I think if we look at the big picture (as in beyond contracts only) we
would ideally want an opt out to effect strings which conform to *all *of
the following:

   1. May contain sensitive information - e.g. source_location in CCAs (and
   perhaps also in other uses, but that may run afoul of point 3 similarly to
   logs), comment field in CCAs, RTTI.
   2. Are not an intrinsic part of program logic - here for example we
   might have a problem with RTTI and exceptions, although in the case of
   exceptions the point 3 may also apply. Getting rid of something like RTTI
   strings automatically implies disabling the entire feature (as I've
   unfortunately experienced myself) but a better solution would be to find a
   way to implement RTTI without requiring those revealing strings, and that
   may also be worth standardizing.
   3. Are not something that the developer may actually intend to display -
   exception texts may indeed be required to be displayed, or perhaps may be
   opted out as we proposed for CCA strings, assuming that's only diagnostic
   information perhaps not needed in production code.
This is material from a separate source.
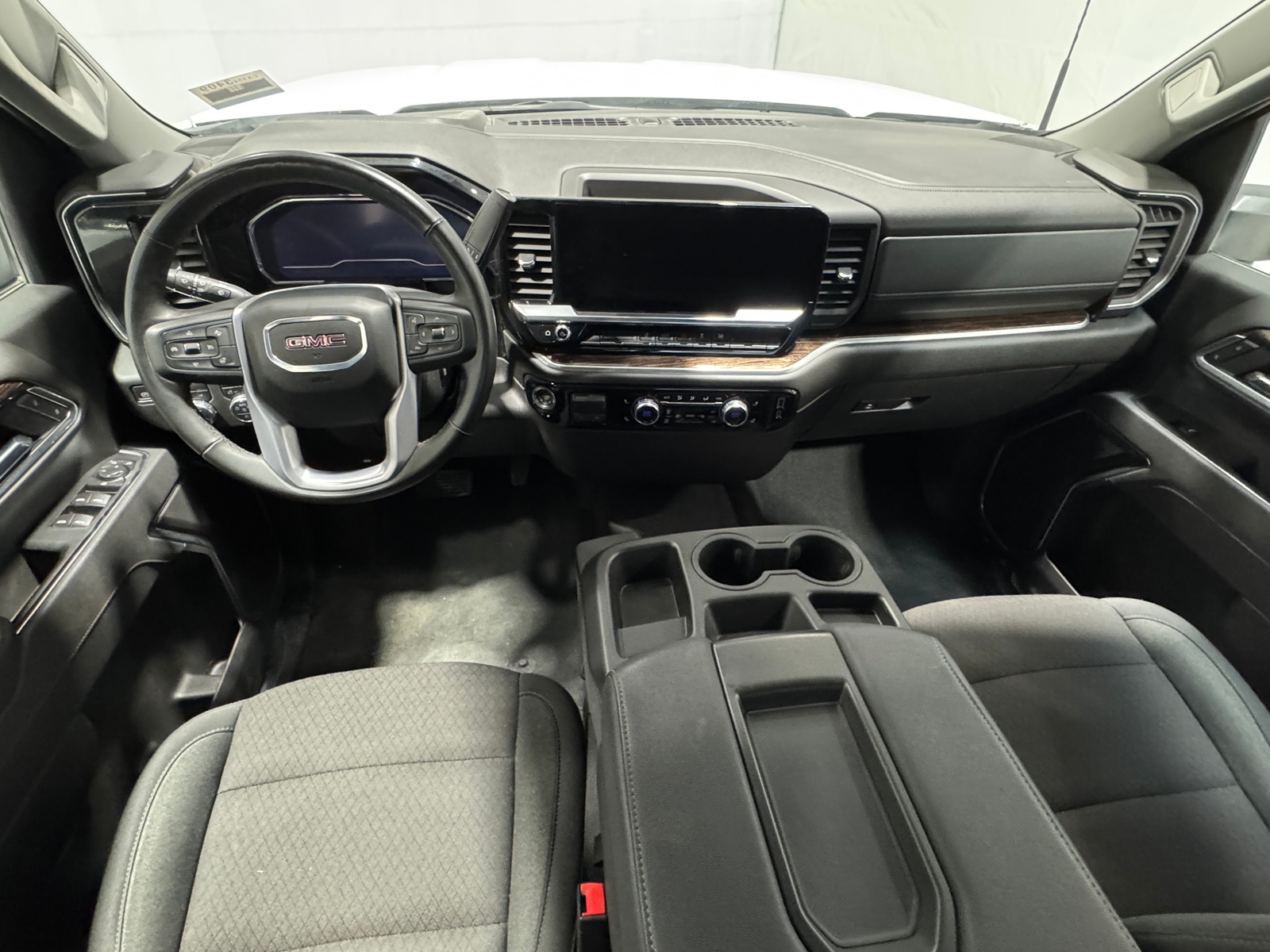 Thumbnail: 2025 GMC Sierra 2500 - 3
Log messages would also
   likely not be included in such a mechanism, since it's doubtful they can be
   correctly identified, and also they more often than not are actually
   intended to be displayed (therefore other obfuscation mechanisms may be
   applied to them explicitly such as the various hashing options I recently
   mentioned).

So it's not straightforward, and may require multiple opt out flags to
allow the user proper control. But unless implementers say otherwise, I'm
guessing the most difficult part is indeed exploring the various use cases
and defining proper rules, rather than the actual implementation.